[Opening RECORDS SHOWN section]

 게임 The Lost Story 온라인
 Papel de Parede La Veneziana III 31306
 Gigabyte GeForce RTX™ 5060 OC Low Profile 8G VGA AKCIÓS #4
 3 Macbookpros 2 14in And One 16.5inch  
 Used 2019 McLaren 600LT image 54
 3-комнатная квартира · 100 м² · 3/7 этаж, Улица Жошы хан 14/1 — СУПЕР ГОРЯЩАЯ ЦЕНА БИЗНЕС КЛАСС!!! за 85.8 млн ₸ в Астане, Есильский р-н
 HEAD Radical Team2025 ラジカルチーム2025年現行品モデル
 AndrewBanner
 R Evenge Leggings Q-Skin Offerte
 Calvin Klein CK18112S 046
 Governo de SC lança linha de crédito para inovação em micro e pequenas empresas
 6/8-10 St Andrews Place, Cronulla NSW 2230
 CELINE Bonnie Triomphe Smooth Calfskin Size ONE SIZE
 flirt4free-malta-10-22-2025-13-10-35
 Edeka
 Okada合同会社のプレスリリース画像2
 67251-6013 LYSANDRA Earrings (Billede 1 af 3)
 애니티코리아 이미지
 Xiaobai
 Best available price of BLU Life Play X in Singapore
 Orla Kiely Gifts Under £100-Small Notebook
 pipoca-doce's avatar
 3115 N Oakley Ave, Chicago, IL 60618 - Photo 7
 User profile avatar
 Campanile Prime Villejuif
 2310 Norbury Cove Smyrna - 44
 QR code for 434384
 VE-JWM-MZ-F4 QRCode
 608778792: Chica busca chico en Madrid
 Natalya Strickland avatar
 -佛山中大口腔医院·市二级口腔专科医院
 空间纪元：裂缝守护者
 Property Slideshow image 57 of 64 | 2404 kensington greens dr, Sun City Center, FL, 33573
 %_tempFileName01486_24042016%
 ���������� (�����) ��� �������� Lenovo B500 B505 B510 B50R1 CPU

[Closing RECORDS SHOWN section]

## EXERCISE
Word for word, restate the listing above from its first line to the line with "Used 2019 McLaren 600LT image 54", keeping both.

## SOLVED EXERCISE
 게임 The Lost Story 온라인
 Papel de Parede La Veneziana III 31306
 Gigabyte GeForce RTX™ 5060 OC Low Profile 8G VGA AKCIÓS #4
 3 Macbookpros 2 14in And One 16.5inch  
 Used 2019 McLaren 600LT image 54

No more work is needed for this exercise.